The Government, in trying to push the Bill through the House by way of guillotine motion, are doing a great disservice to the tradition which has built up and was honourably followed, as I just mentioned, by Deputy Fitzgerald as Minister for Labour. He was not defending his own appointees but rather those of the then Opposition.
I was perturbed by the attack made in the House during the course of the debate on members of local authorities. Such an attack can only come from a person who does not know the history of local government in this country and how much it meant in the last century to the people to have effective local government. The grand jury system was the one which obtained up to the last decade of the last century and it was responsible to no one. It was regarded as a great step forward to have the 1898 Act on the Statute Book. People on both sides of the House should reject the kind of ignorant and narrowminded criticism made of members of local authorities. The people who took over in the counties which the Ceann Comhairle and I have the honour to represent discovered the inefficiency and crookedness of the grand jury within a year despite the fact that in every prestigious English paper at that time we were told the Irish could not govern themselves even at local level.
The point has already been made in the debate about who tries a man.

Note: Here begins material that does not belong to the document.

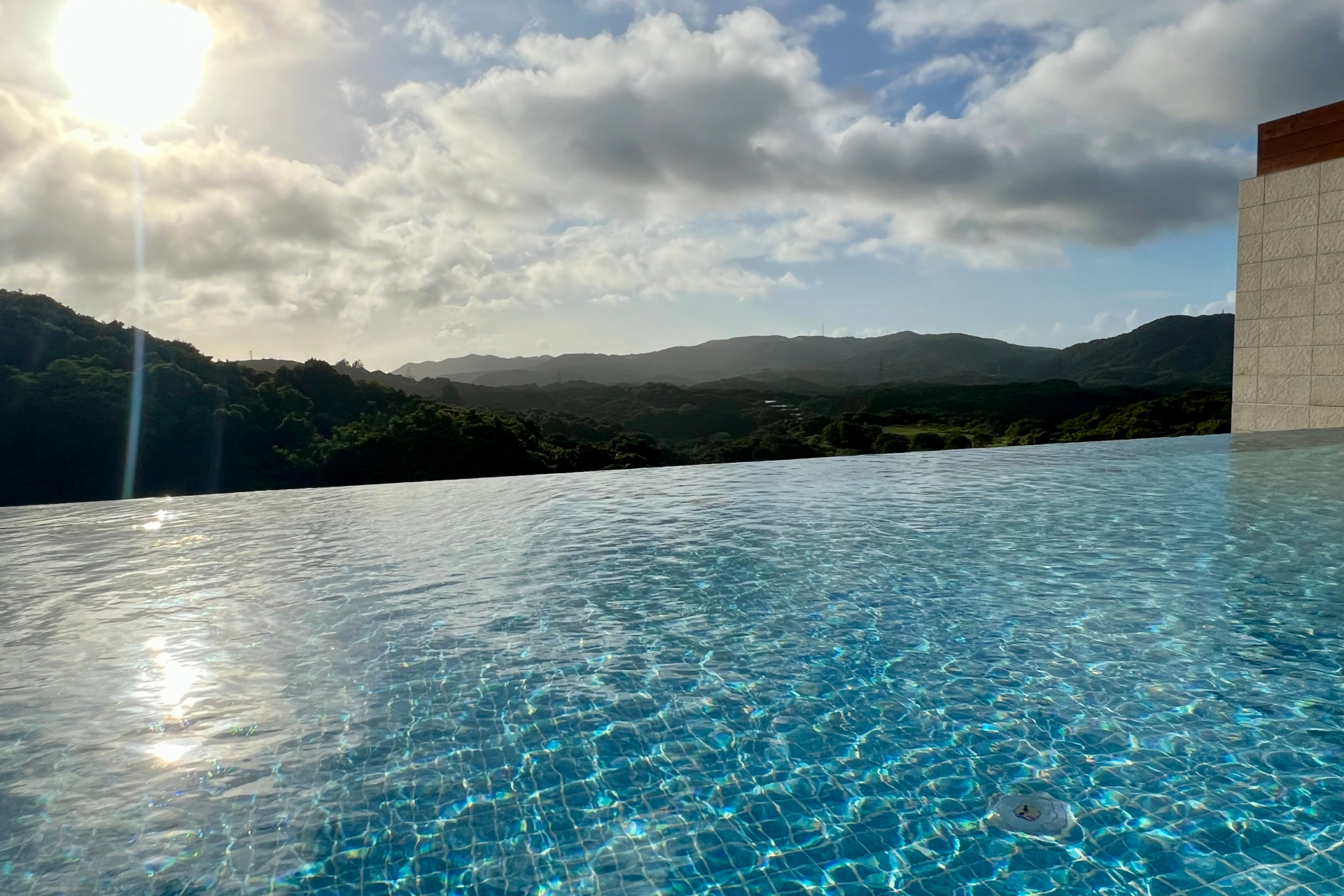 ギネスにも認定された世界最大級のインフィニティ風呂を擁する「スパ ジャングリア」。男女それぞれ、内風呂には天然温泉風呂やジェットバス、神秘的な洞窟風呂など。屋外にはサウナや水風呂、岩風呂、打たせ湯などバラエティ豊か。更衣室や洗面コーナーは広い造りで、アメニティやタオルなども用意されている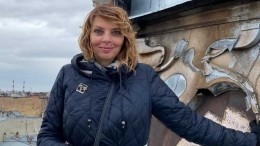 Екатерина Рождественская чуть не упала с крыши в Петербурге и получила травму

Who come to a decision as to whether one of our fellow citizens is guilty or innocent of a charge but a jury of 12 people picked at random? Despite problems on occasion, that system has stood the test of time. In the same way the non-technical person, the non-expert, the person with intelligence who is aware of what is going on in public life and in the community has a valuable input to make on any board. We could have a line of architects from Vitruvius down to the present time on a planning board and they would drive the whole country mad. There are sensible architects and there are mad architects. A person with commonsense is an important ingredient on any committee or board. Criticism has been made of the board. The only criticism I could make of them is that they never did what I asked them to do when I made representations to them, whatever their political affiliation. I would say that is the experience of Members on both sides of the House.
Did they get the tools for the job? We are told on the best of evidence that they did not. The whole apparatus which was supposed to serve them was seconded on a seven-year basis and there was no proper back-up of civil servants available to them to speed up planning appeals. The delay which has taken place in dealing with appeals is something of a scandal. There is a remedy but it is not this kind of pseudo-reforming Bill.
I remember being shocked years ago, before I had any intention of standing for Dáil Éireann, when talking to a senior civil servant, an honorable and efficient man. During the course of a social conversation he told me much the same as the prestigious English newspapers were saying during the last decade of the nineteenth century, that he did not believe we were capable of local government and was doubtful whether local authorities such as county councils, urban councils, town commissioners or corporations should exist. It is one of the hazards of administration at senior level that the officers get it into their heads that they have the sum total of expertise, knowledge and ability. Part of the function of this House is to disillusion them on that.
I see some evidence in this Bill of that kind of principle. For that reason we on this side are fully justified in fighting it every inch of the way. I would appeal even at this stage to the Minister, who as a barrister must have had training in deduction and logic, to look at his Bill again, to take steps to improve the points I mentioned about the service of the Planning Board and the speeding up of decisions and to leave the general structure he found there. In doing this he will be impacting not merely on the planning Bill but on a whole range of legislation which has been developed to deal with semi-State bodies.